Thomas Trower, a Lawrence icon who asked drivers to ‘honk for hemp,’ has died

photo by: John Young

Thomas Trower, better known as the "Honk for Hemp" guy, holds his sign on the corner of 11th and Massachusetts Street on Sunday, May 26, 2013.

Updated at 11:08 p.m. Tuesday

Thomas Trower, popularly known in Lawrence as the “Honk for Hemp” man, has died at age 70, the Journal-World confirmed with the Douglas County Coroner’s Office on Tuesday.

The office provided no additional details about Trower, who was well-known in Lawrence for regularly standing at the northeast corner of 11th and Massachusetts streets — dressed head to toe in hemp — with a large green and white sign reading “Honk for Hemp.” The sign and Trower’s enthusiasm elicited a familiar cacophony of car horns on weekends in downtown Lawrence for decades. For each honk, he would wave another sign in the shape of a large thumbs-up.

Trower, who retired from Del Monte Foods in Lawrence, continued to stand at the corner even after hemp was legalized in Kansas. He said that his activism was not just about hemp but to support the legalization of all cannabis plants.

He told the Journal-World in January of 2019 that he planned to continue his picketing until he could legally enjoy the recreational use of marijuana.

He said of his picketing: “It’s a futile and symbolic gesture, but someone has to do it until it’s fully legal. I want the right to grow my own — any variety I want.”

In the Kansas Legislature, some bills have been proposed to make medical marijuana legal in recent years, but it and recreational marijuana remain against the law in Kansas, despite having been legalized in about two dozen states — in a trend that Trower had described as “inevitable.”
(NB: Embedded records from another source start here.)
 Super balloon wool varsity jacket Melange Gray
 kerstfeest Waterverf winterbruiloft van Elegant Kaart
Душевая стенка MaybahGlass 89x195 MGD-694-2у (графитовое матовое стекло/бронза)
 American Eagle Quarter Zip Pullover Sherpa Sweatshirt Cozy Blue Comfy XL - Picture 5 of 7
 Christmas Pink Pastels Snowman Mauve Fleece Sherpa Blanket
In October of 2019, then-District Attorney Charles Branson announced that he would no longer file criminal cases for simple marijuana possession — a decision that came on the heels of the City Commission reducing fines to $1 for first and second convictions for marijuana possession in the city’s municipal court.
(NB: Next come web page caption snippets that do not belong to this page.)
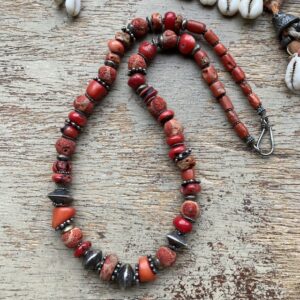 Vintage natural red coral and sterling silver beaded necklace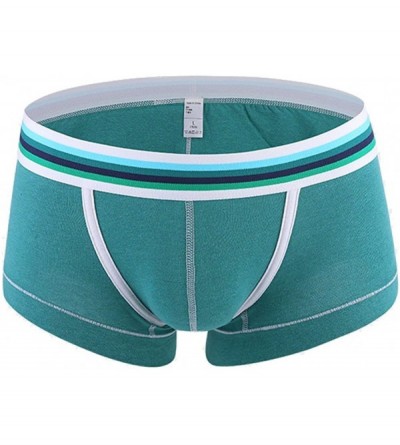 Boxer Briefs Men's Underwear Cotton Boxer Shorts Low Rise Trunks Stretch Boxer Briefs - Blue/Navy/Green - CM185OA46LM $35.86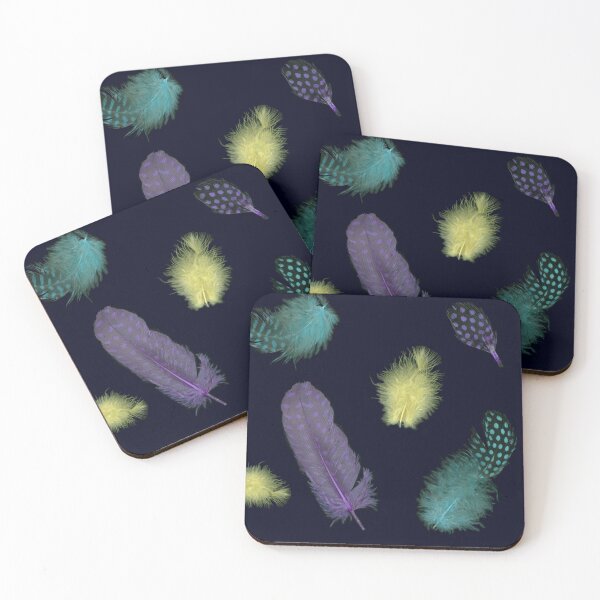 Item preview, Feathers with dots blue green turquoise purple yellow designed and sold by ChrissiCreation.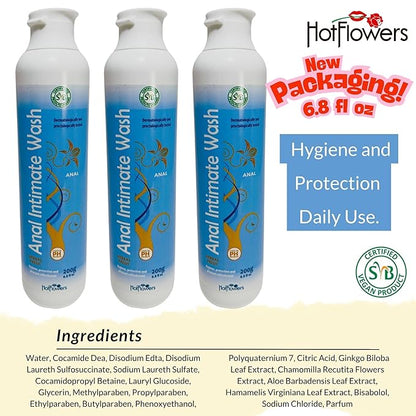 HOT FLOWERS Herbal Fresh Unisex Anal Intimate Wash for Personal Care, pH Balanced for Essentials Body Health, Daily Use, Dry Skin, Proctologist Tested (3)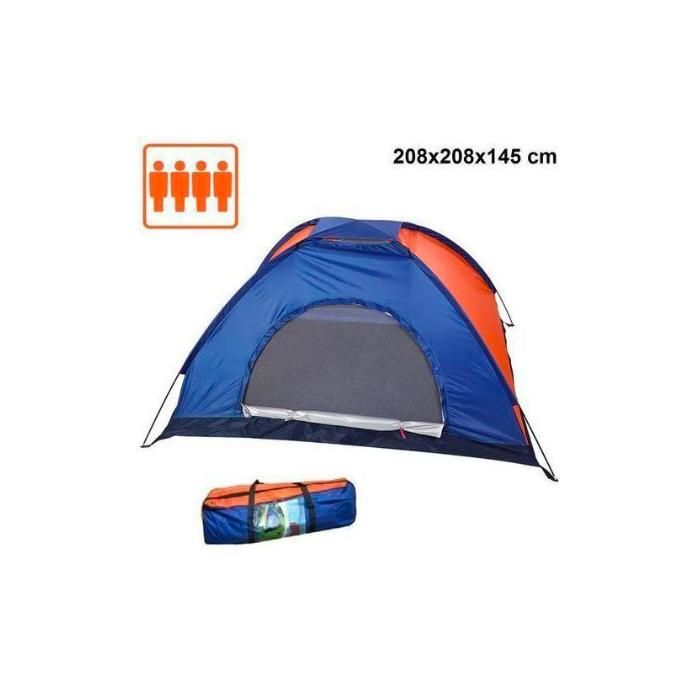 Tente  de camping pour 4 personnes, offrant un espace de 208x208x145 cm pour un confort optimal.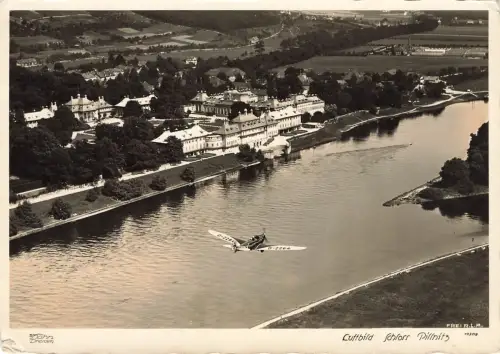 AK Dresden Luftbild Schloss Pillnitz Flugzeug Klemm KL 26 W. Hahn 10309 Sachsen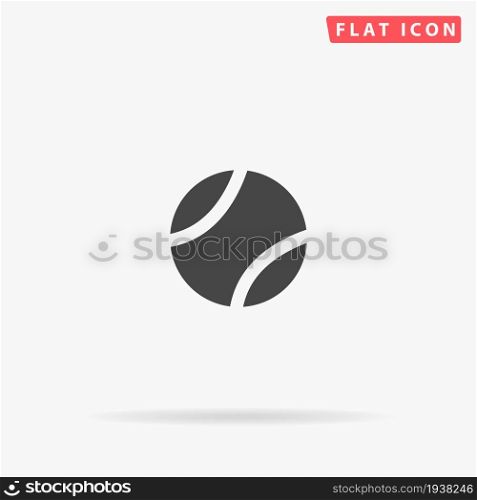 Tennis Ball flat vector icon. Glyph style sign. Simple hand drawn illustrations symbol for concept infographics, designs projects, UI and UX, website or mobile application.. Tennis Ball flat vector icon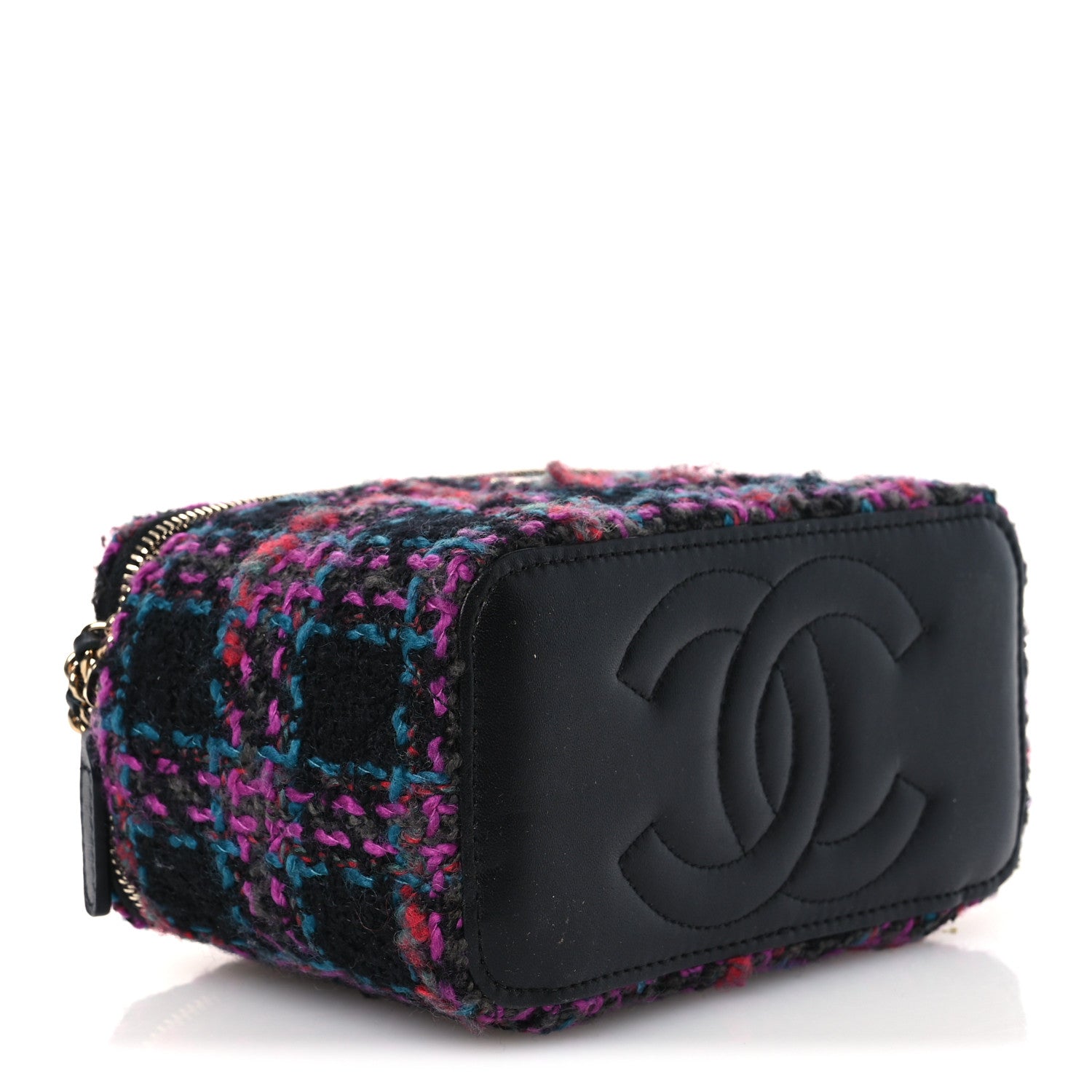 Chanel Tweed Quilted Small Vanity Case With Chain Black Purple Green Red 3 of 12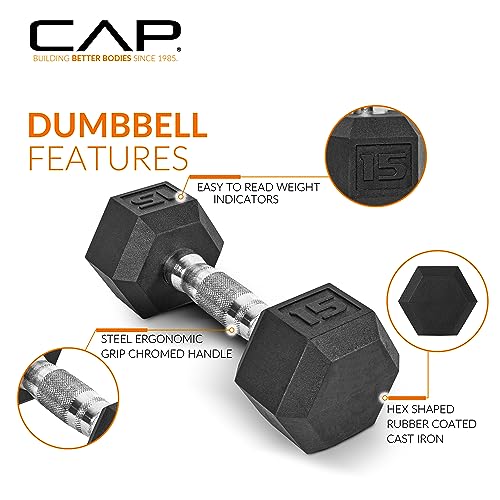 CAP Barbell 150 LB Hex Dumbbell Set with Rack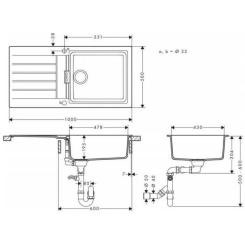Мойка кухонная Hansgrohe S520-F480 + зміш. Focus M41 Фото 8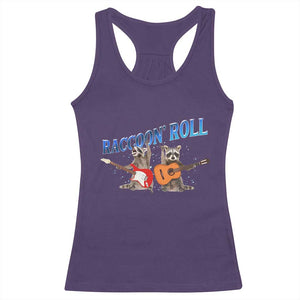 Raccoon Rock And Roll Racerback Tank Top Funny Rock Band Playing Guitar Electric Music Lover TS12 Purple Print Your Wear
“I do not feel it is fair or just for Douglas County to criminally charge citizens with something they can do with virtually no penalty in the City of Lawrence and other surrounding communities,” Branson said at the time.
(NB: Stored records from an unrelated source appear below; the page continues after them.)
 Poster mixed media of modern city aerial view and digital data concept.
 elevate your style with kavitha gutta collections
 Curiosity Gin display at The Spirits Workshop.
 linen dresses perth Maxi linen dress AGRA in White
Trower, who has previously been named “Best Activist” in the Journal-World’s Best of Lawrence magazine, credited longtime activist Mark Creamer for getting the corner honking project going in the 1990s. As the Journal-World has reported, Creamer got national attention in 1989 for lighting up a marijuana joint in the lobby of the Lawrence Police Department building. Creamer eventually moved to Colorado, where marijuana has been legal for years. Shortly after being jailed for the joint, Creamer and Trower started their weekly picketing downtown in 1990.

According to information from the Barnett Funeral Home in Oskaloosa, Trower died at his home in Lawrence on Aug. 9.

He was born on Nov. 4, 1950, in Topeka. He was the son of Maurice Eugene Trower and Gladys Mae Trower. He graduated from Topeka West High School. He is survived by a brother and two sisters.

Private services were held at Winchester-Wise Cemetery in Winchester.